- Opening Delimiter -

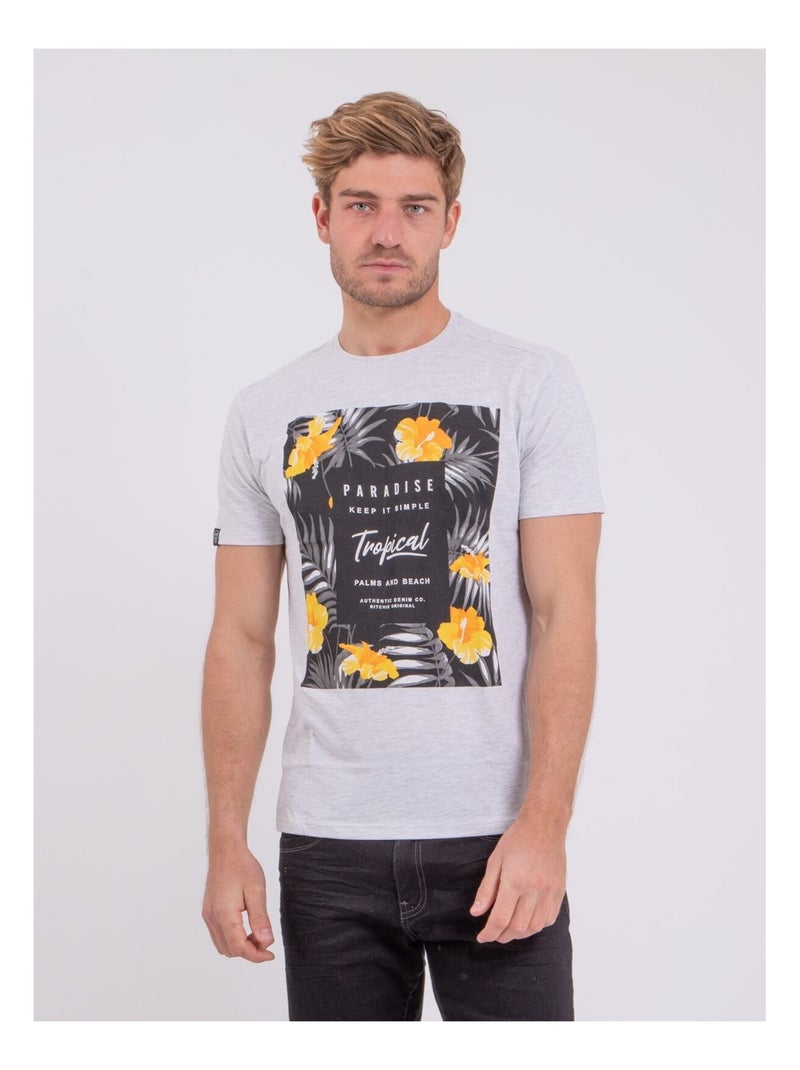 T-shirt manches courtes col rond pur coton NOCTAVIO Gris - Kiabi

- Closing Delimiter -
- Opening Delimiter -

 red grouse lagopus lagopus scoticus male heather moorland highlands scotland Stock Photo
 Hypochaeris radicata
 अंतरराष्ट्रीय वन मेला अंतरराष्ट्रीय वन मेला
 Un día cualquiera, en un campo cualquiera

- Closing Delimiter -
- Opening Delimiter -

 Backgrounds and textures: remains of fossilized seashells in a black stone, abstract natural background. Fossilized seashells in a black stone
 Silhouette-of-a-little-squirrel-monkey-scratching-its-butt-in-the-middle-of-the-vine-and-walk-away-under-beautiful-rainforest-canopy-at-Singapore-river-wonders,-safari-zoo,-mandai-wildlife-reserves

- Closing Delimiter -

Could you restate word for word the lines above from the one containing "Hypochaeris radicata" through the one containing "Un día cualquiera, en un campo cualquiera", both included, and nothing else?

 Hypochaeris radicata
 अंतरराष्ट्रीय वन मेला अंतरराष्ट्रीय वन मेला
 Un día cualquiera, en un campo cualquiera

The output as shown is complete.